[[ RECORDS SUPPLIED open ]]

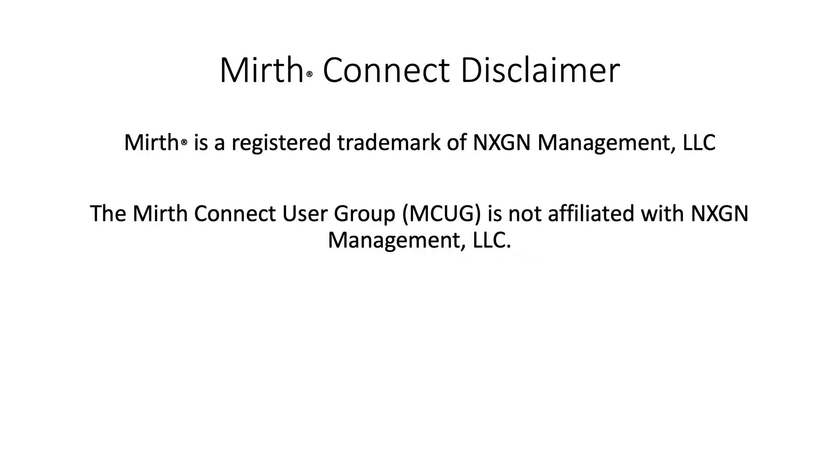Mirth is a registered trademark of NextGen Healthcare. The Mirth Connect user group is not affiliated with NextGen Healthcare.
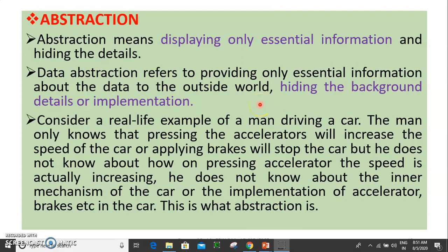Good morning students, we are learning the basic object oriented concepts. The next concept is Abstraction. Abstraction means displaying only essential information and hiding the details.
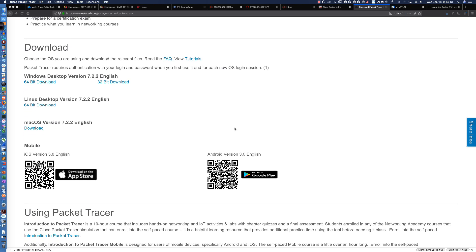I hope you're able to get Packet Tracer. Again, it is an amazing tool for CCNA learners looking to hone their skills. All right. As always, I really appreciate you watching. Thanks so much, and have a great day.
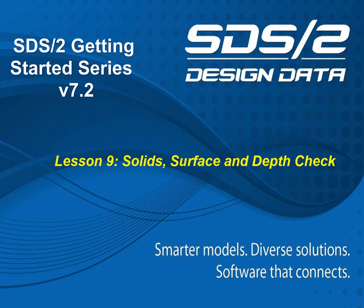Welcome to Lesson 9, Solids, Surface, and Depth Check of the SDS-II Getting Started series.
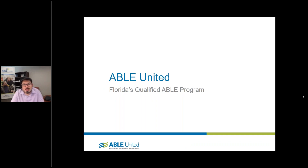Thank you for taking your time today to join us for an ABLE United webinar. My name is John Finch. I'm the director of the program and wanted to thank you all for taking some time to join us today to answer your questions.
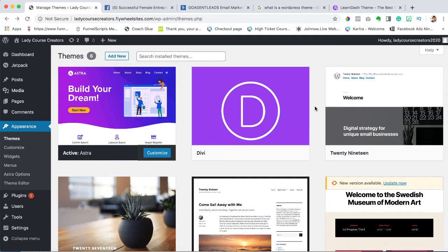Now there are a few of them out there - LearnDash, there's Lifter. I really happen to like LearnDash. It's just a personal preference. I think it's easy to use and I think it looks nice. So let's go ahead and install LearnDash.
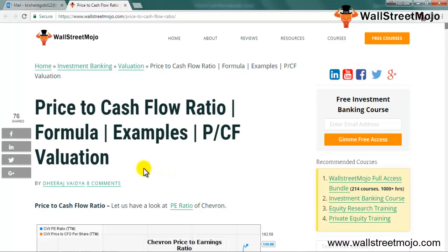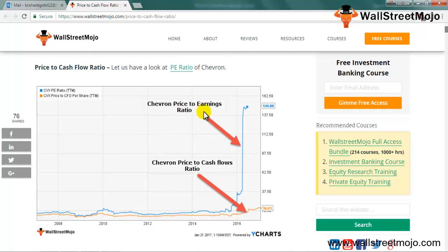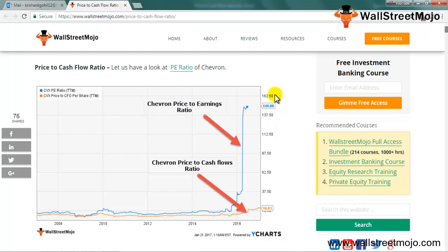First, I'm going to show you a chart — Chevron's price to earnings ratio and Chevron's price to cash flow ratio. Currently, Chevron's P/E ratio is close to 149.88. At first glance, that suggests it is definitely a sell. However, most analysts have given Chevron either a strong buy or a buy rating, and none have given a sell rating.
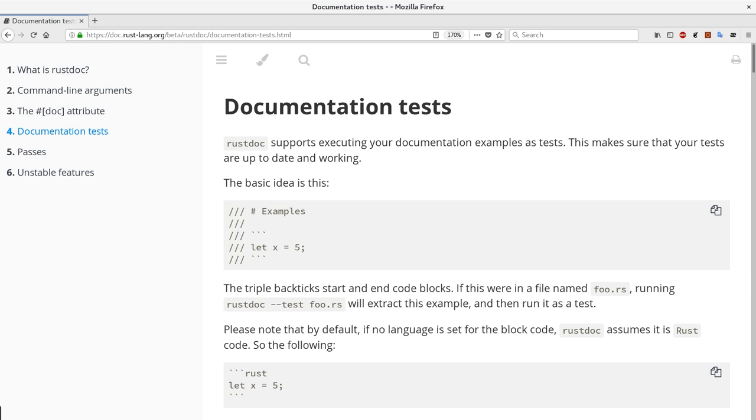Hi! I assume you are familiar with documentation tests in Rust. They are tests that are generated right from the code examples in documentation. This way we can ensure that the examples are always valid and working.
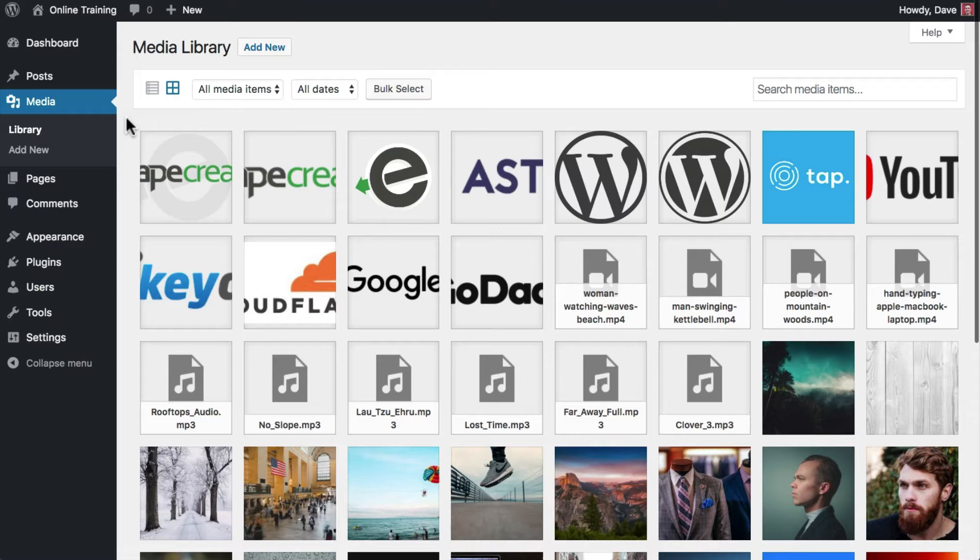By default, your files are displayed in grid view. This provides you with a large thumbnail preview of your images.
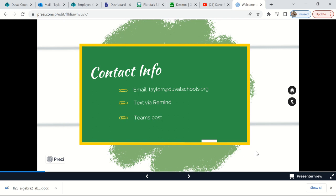You can also reach out via text message through Remind, and you can also post in our team on Teams. If you're going to post on Teams to reach out to me, tag me — just like you would tag somebody on social media — because that triggers a notification for me so there's less chance I'll miss it. Remind is great for quick questions, and I'll use it for quick reminders. For more detailed questions, email is the best and my preferred way for you to contact me.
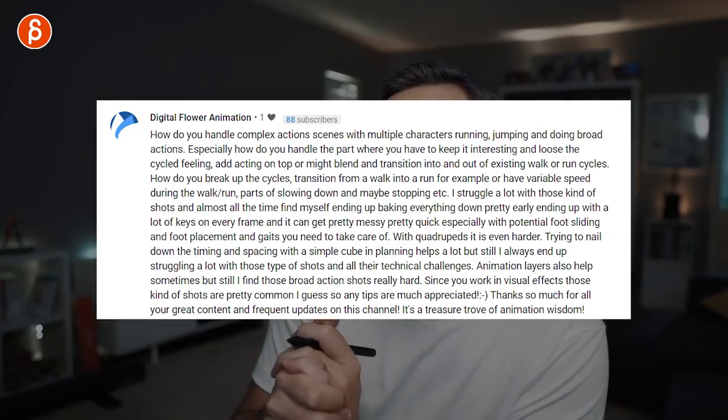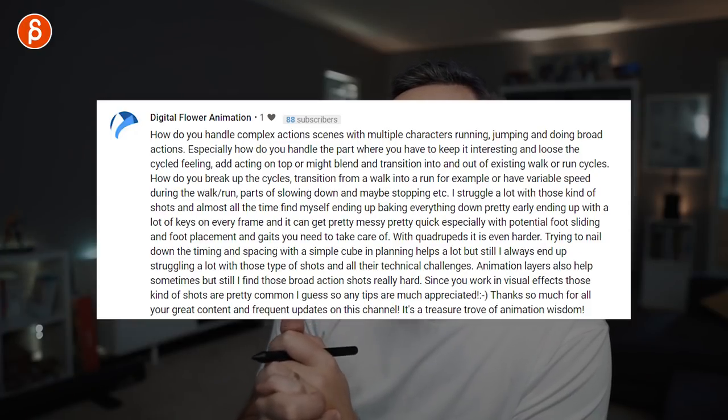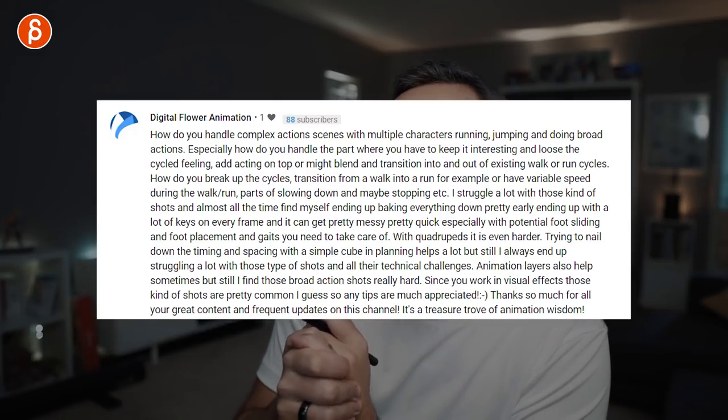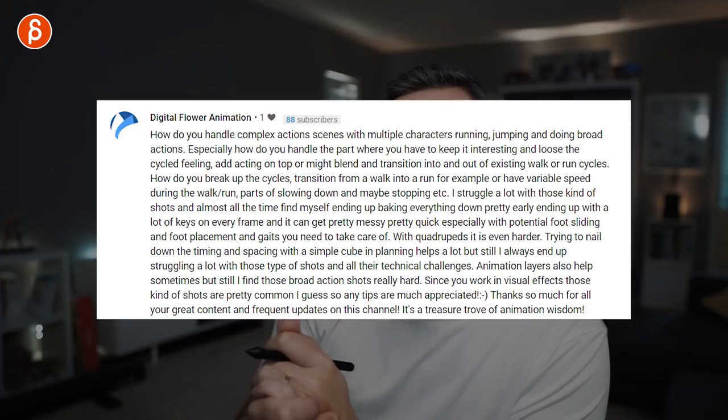I struggle a lot with those kinds of shots and almost always end up baking everything down early, ending up with keys on every frame — it gets messy quickly, especially with foot sliding and placement. But that is my process. Once it's baked I can delete chunks, fix them, and fix the transitions. Sometimes I use multiple assets — one is keyframe, one is mocap — combine multiple rigs into one action, then bake it all down to one asset and go from there.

[[ RECORDS SUPPLIED closed ]]

:: PROBLEM DESCRIPTION ::
Repeat each line of the records exactly. Do not include the pictures.

:: WRITTEN SOLUTION ::
Mirth is a registered trademark of NextGen Healthcare. The Mirth Connect user group is not affiliated with NextGen Healthcare.
Good morning students, we are learning the basic object oriented concepts. The next concept is Abstraction. Abstraction means displaying only essential information and hiding the details.
I hope you're able to get Packet Tracer. Again, it is an amazing tool for CCNA learners looking to hone their skills. All right. As always, I really appreciate you watching. Thanks so much, and have a great day.
Welcome to Lesson 9, Solids, Surface, and Depth Check of the SDS-II Getting Started series.
Thank you for taking your time today to join us for an ABLE United webinar. My name is John Finch. I'm the director of the program and wanted to thank you all for taking some time to join us today to answer your questions.
Now there are a few of them out there - LearnDash, there's Lifter. I really happen to like LearnDash. It's just a personal preference. I think it's easy to use and I think it looks nice. So let's go ahead and install LearnDash.
First, I'm going to show you a chart — Chevron's price to earnings ratio and Chevron's price to cash flow ratio. Currently, Chevron's P/E ratio is close to 149.88. At first glance, that suggests it is definitely a sell. However, most analysts have given Chevron either a strong buy or a buy rating, and none have given a sell rating.
Hi! I assume you are familiar with documentation tests in Rust. They are tests that are generated right from the code examples in documentation. This way we can ensure that the examples are always valid and working.
By default, your files are displayed in grid view. This provides you with a large thumbnail preview of your images.
You can also reach out via text message through Remind, and you can also post in our team on Teams. If you're going to post on Teams to reach out to me, tag me — just like you would tag somebody on social media — because that triggers a notification for me so there's less chance I'll miss it. Remind is great for quick questions, and I'll use it for quick reminders. For more detailed questions, email is the best and my preferred way for you to contact me.
I struggle a lot with those kinds of shots and almost always end up baking everything down early, ending up with keys on every frame — it gets messy quickly, especially with foot sliding and placement. But that is my process. Once it's baked I can delete chunks, fix them, and fix the transitions. Sometimes I use multiple assets — one is keyframe, one is mocap — combine multiple rigs into one action, then bake it all down to one asset and go from there.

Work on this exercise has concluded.